SWDEV-516595 - Add __shfl functions with __hip_bfloat16 datatype (#42)

satyanveshd · web-flow · commit 376f23b86a12 · 2025-03-25T15:38:01.000+05:30
Also removes asserts in cooperative groups shfl functions since
__hip_bfloat16 shfl is present now

Change-Id: I57578b6e68dccc10c2ddcd194e9cc18bc7732ce1
diff --git a/hipamd/include/hip/amd_detail/amd_hip_bf16.h b/hipamd/include/hip/amd_detail/amd_hip_bf16.h
@@ -1,7 +1,7 @@
 /**
  * MIT License
  *
- * Copyright (c) 2019 - 2024 Advanced Micro Devices, Inc. All rights reserved.
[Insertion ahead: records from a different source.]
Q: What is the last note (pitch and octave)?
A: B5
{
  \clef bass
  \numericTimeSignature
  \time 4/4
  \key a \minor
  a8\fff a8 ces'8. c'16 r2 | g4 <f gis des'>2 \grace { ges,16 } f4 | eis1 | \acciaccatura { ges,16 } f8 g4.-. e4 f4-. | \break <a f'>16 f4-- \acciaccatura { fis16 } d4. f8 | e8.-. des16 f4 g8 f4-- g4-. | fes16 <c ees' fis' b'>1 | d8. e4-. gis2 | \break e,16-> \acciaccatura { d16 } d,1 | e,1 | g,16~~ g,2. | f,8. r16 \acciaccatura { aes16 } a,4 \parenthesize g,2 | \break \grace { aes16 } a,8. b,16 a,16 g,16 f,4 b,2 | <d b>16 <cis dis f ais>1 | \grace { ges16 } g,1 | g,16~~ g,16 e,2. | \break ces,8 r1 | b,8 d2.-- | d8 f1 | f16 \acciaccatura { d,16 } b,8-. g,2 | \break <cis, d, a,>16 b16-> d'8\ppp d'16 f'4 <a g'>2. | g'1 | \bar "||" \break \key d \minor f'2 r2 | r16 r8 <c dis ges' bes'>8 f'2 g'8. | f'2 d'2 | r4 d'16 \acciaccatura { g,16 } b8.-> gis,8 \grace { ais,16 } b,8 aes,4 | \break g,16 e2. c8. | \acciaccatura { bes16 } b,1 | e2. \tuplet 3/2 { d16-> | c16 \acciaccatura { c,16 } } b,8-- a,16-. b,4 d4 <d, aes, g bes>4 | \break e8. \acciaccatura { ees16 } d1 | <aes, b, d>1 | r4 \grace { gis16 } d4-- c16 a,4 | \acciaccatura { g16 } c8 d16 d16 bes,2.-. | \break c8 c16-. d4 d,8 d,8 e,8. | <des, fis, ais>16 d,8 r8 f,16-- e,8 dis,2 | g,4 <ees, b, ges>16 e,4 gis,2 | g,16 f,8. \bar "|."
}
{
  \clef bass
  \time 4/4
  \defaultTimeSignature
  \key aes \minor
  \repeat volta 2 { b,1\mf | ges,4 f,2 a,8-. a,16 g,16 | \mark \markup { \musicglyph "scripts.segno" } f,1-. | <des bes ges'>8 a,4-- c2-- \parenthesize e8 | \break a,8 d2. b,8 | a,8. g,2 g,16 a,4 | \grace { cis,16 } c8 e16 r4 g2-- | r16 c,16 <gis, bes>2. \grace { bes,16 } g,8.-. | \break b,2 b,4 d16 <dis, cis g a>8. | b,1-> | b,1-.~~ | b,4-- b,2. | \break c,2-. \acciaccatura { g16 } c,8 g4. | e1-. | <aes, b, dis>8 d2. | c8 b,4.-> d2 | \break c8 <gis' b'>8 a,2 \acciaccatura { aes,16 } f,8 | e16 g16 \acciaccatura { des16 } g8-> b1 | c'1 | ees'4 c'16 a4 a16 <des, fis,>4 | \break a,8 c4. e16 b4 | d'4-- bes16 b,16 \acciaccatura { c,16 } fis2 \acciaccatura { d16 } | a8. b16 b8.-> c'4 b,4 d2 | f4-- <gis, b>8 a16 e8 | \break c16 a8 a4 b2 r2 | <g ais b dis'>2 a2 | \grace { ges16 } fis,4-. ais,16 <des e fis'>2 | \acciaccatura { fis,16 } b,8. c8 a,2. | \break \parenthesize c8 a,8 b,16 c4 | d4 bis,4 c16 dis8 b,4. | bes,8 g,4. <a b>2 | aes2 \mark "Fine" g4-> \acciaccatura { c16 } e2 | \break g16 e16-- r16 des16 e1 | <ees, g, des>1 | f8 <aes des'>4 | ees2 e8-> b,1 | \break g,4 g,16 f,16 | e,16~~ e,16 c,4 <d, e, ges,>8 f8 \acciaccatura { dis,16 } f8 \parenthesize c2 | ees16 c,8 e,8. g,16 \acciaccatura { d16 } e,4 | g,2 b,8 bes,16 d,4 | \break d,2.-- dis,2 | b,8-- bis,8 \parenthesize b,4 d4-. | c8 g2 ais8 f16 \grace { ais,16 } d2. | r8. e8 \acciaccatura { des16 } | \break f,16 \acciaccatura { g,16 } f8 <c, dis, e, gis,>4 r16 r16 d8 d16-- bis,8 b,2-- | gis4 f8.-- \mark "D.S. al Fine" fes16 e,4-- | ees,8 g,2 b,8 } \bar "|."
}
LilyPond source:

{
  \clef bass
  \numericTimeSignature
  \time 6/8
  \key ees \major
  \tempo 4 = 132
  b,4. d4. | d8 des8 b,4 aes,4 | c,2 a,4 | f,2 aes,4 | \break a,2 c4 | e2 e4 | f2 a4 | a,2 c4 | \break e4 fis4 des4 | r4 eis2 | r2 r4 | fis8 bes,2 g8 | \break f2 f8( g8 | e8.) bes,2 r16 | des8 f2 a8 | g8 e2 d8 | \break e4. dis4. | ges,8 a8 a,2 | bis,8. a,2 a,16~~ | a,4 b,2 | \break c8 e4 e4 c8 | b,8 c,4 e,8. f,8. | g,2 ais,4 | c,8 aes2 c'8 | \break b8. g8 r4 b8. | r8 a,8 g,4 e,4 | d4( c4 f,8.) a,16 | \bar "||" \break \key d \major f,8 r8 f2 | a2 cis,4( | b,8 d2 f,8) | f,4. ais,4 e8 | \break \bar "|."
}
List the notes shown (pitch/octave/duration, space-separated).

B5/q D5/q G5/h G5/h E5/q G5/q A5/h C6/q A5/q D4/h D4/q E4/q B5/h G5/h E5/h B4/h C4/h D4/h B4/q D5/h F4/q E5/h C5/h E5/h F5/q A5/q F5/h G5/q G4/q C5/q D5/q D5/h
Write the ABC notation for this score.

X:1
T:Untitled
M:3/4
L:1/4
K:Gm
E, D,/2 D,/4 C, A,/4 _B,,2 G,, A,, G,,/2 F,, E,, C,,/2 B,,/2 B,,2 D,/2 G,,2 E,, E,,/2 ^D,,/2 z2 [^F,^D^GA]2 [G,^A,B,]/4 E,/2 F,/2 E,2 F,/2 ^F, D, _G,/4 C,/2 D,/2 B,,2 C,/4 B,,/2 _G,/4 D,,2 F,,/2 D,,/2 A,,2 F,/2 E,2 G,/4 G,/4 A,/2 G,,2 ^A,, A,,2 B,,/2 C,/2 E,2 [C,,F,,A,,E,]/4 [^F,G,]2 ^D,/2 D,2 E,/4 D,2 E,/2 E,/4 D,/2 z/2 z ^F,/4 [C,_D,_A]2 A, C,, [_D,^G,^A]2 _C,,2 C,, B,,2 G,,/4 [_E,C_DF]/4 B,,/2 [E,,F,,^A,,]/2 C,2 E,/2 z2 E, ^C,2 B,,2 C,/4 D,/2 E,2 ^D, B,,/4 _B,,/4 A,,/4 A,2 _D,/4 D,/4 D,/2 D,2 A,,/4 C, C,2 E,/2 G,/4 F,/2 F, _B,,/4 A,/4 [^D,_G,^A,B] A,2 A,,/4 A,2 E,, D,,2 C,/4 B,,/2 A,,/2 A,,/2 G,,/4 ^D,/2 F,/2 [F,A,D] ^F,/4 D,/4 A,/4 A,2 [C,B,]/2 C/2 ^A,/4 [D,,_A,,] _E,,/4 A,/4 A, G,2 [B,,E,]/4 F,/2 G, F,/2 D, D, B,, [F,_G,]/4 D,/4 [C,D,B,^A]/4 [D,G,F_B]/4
+ * Copyright (c) 2019 - 2025 Advanced Micro Devices, Inc. All rights reserved.
  *
  * Permission is hereby granted, free of charge, to any person obtaining a copy
  * of this software and associated documentation files (the "Software"), to deal
@@ -130,6 +130,13 @@
 #define __BF16_DEVICE_STATIC__ __BF16_DEVICE__ static inline
 #define __BF16_HOST_DEVICE_STATIC__ __BF16_HOST_DEVICE__ static inline
 
+#pragma push_macro("MAYBE_UNDEF")
+#if defined(__has_attribute) && __has_attribute(maybe_undef)
+#define MAYBE_UNDEF __attribute__((maybe_undef))
+#else
+#define MAYBE_UNDEF
+#endif
+
 #define HIPRT_ONE_BF16 __ushort_as_bfloat16((unsigned short)0x3F80U)
 #define HIPRT_ZERO_BF16 __ushort_as_bfloat16((unsigned short)0x0000U)
 #define HIPRT_INF_BF16 __ushort_as_bfloat16((unsigned short)0x7F80U)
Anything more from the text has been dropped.